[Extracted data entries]
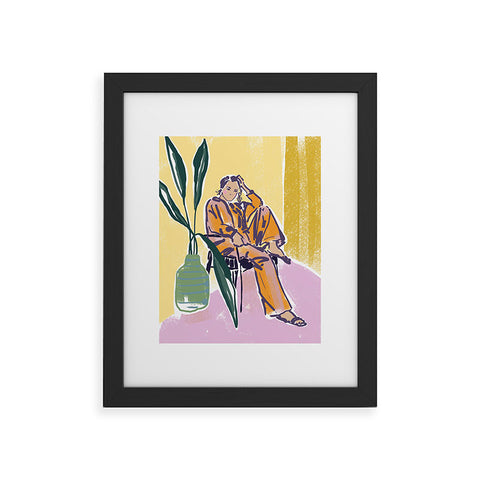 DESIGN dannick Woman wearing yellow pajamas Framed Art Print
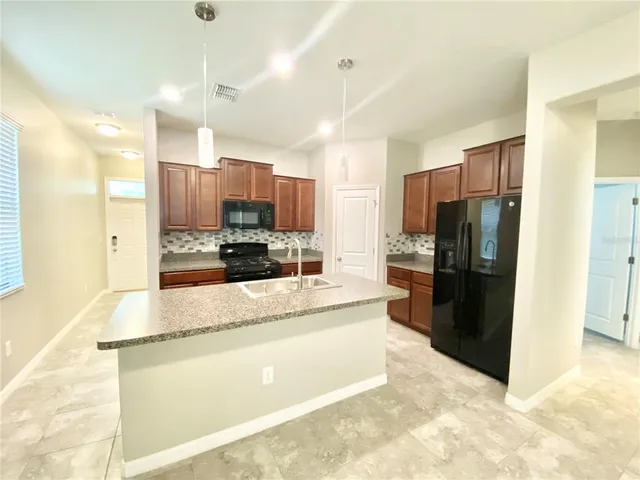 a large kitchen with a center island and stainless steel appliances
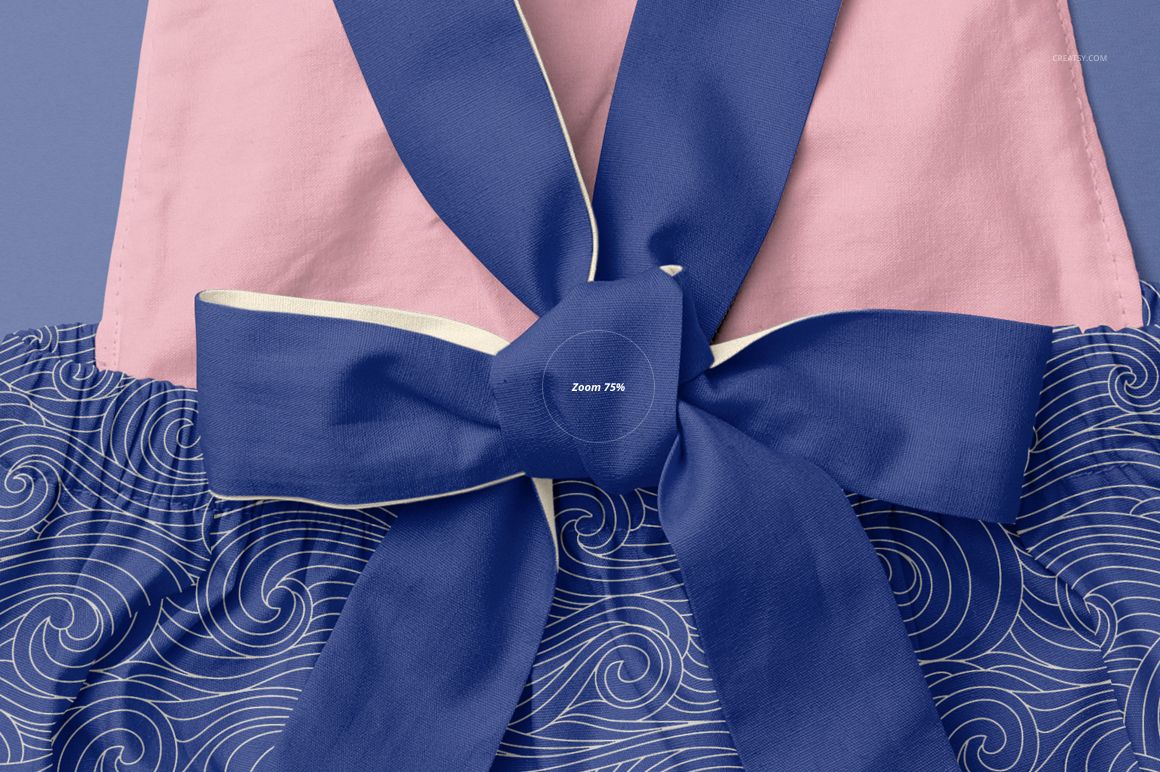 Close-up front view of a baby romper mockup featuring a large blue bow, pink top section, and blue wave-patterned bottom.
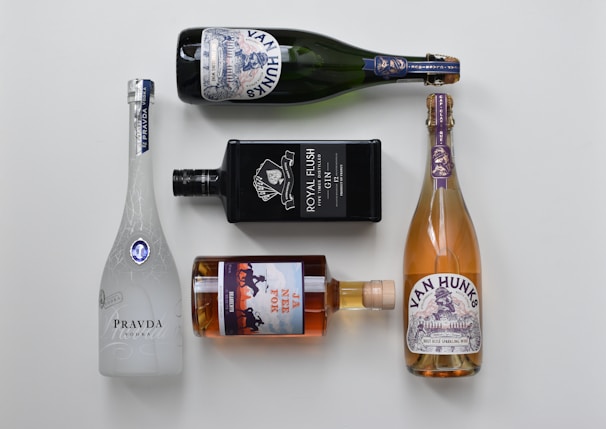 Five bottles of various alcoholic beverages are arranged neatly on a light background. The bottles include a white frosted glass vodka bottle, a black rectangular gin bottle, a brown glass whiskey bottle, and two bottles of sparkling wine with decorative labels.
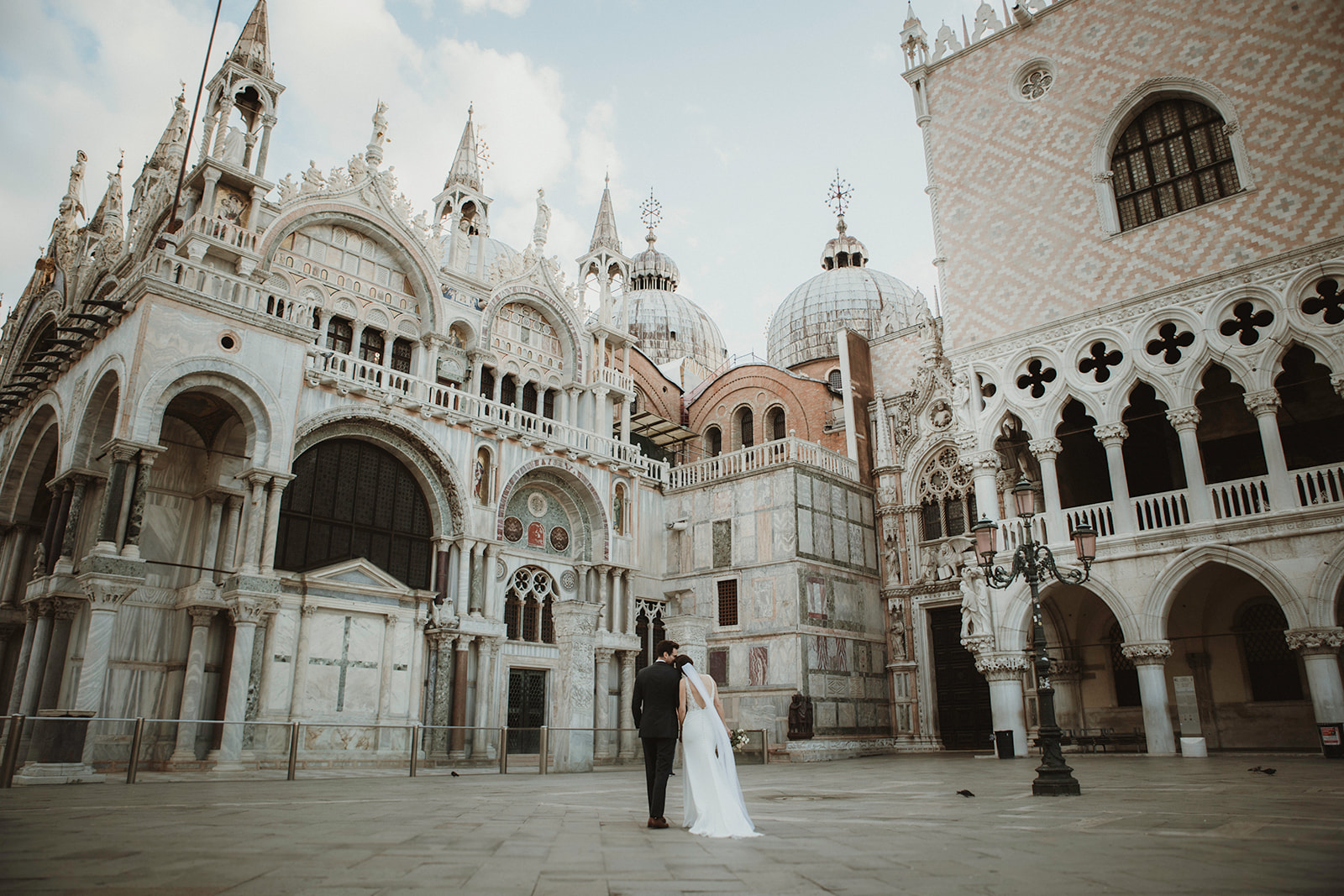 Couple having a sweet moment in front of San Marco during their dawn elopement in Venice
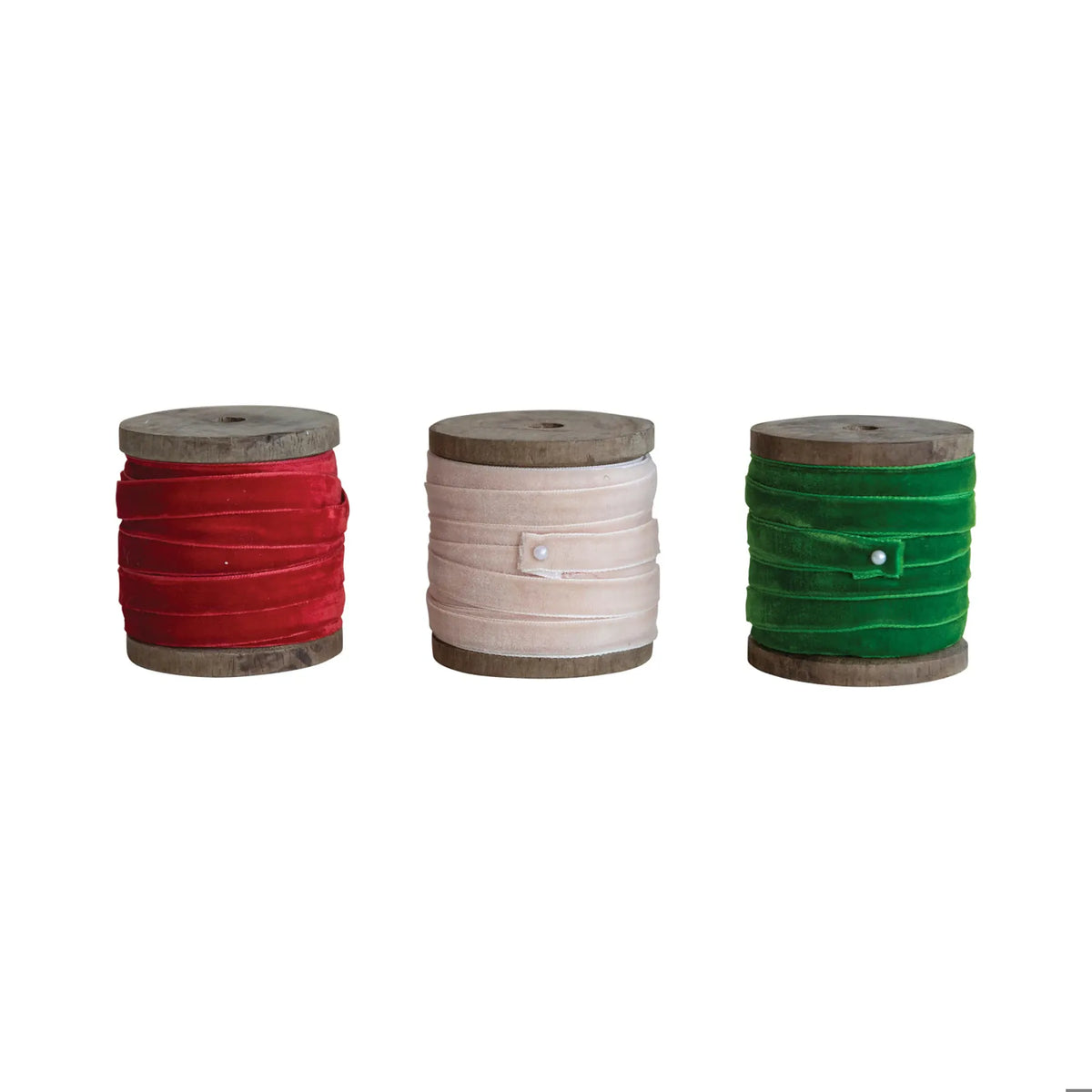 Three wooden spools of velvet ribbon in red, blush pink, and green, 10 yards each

- _EXERCISE_: From the first line to the last, set down the records exactly, leaving out images.

- _FINAL ANSWER_:
 DESIGN dannick Woman wearing yellow pajamas Framed Art Print
 a large kitchen with a center island and stainless steel appliances
 Close-up front view of a baby romper mockup featuring a large blue bow, pink top section, and blue wave-patterned bottom.
 Five bottles of various alcoholic beverages are arranged neatly on a light background. The bottles include a white frosted glass vodka bottle, a black rectangular gin bottle, a brown glass whiskey bottle, and two bottles of sparkling wine with decorative labels.
 Couple having a sweet moment in front of San Marco during their dawn elopement in Venice
 Three wooden spools of velvet ribbon in red, blush pink, and green, 10 yards each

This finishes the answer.